Satin is recognizable for having a shine on the correct side and a dull “wrong” side. The shiny finish is accomplished by using a weaving technique whereby the weft threads (subtitle: the threads that run perpendicular to the selvedge edge) skip over the top of several of the warp threads, rather than going under every other one. Go to An Introduction to Various Weaves to learn more about that sort of thing.
The wrong side of a satin may be dull, or it can have a semi-shiny surface on one side.

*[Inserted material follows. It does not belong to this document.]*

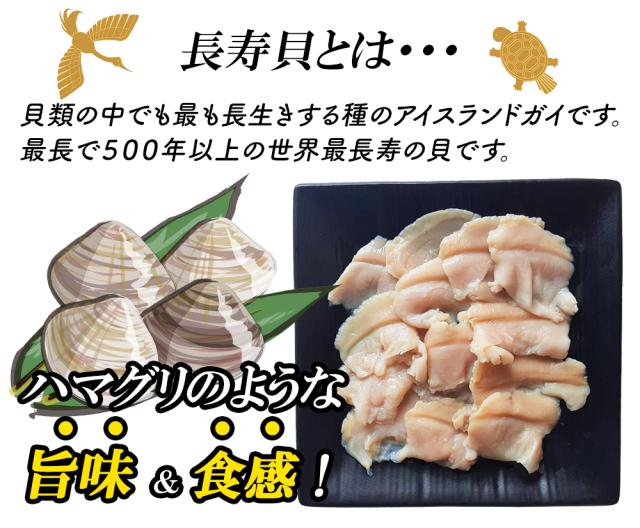 貝 長寿貝 500g 1P 送料無料 ちょうじゅ貝 アイスランド貝 ハマグリのような旨味 お刺身 生食用 冷凍 魚介 海鮮 カナダ産 伊藤家の食卓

“Crepe back” satin is shiny on one side, with a semi-shiny, pebbled texture on the other. Crepe satin is a popular costumer’s choice. The pebbly texture is achieved by using a tightly-twisted yarn in the weft, and either side of the fabric can be used in a costume – just keep track of which side is the “right” side!. Some costumers will choose to use this “wrong” side as the right side for their project, as it can be attractive in its own right.
A satin with a crepe finish on both front and back is called a “double crepe” satin.

Satin bedsheets – which aren’t nearly as much fun to sleep on as you might think. Source: Wikimedia Commons.
Satin can be made from many fibers, such as silk, polyester and even rayon. Polyester is the most common and most affordable option. It can be made in many weights, ranging from lightweight – suitable for lingerie and evening wear – to moderately heavy. Heavier satins are sometimes called “bridal” satins.
Rayon satin has the softest hand and sheerest drape to it. Silk satin is also quite nice because, hey, it’s silk. Polyester satin can be a bit on the stiff side, depending on the overall weight of the fabric. Polyester satin is your go-to fabric for kids’ Halloween costumes. It’s cheap and it’s washable and kids don’t care if it’s looks like… well, like polyester.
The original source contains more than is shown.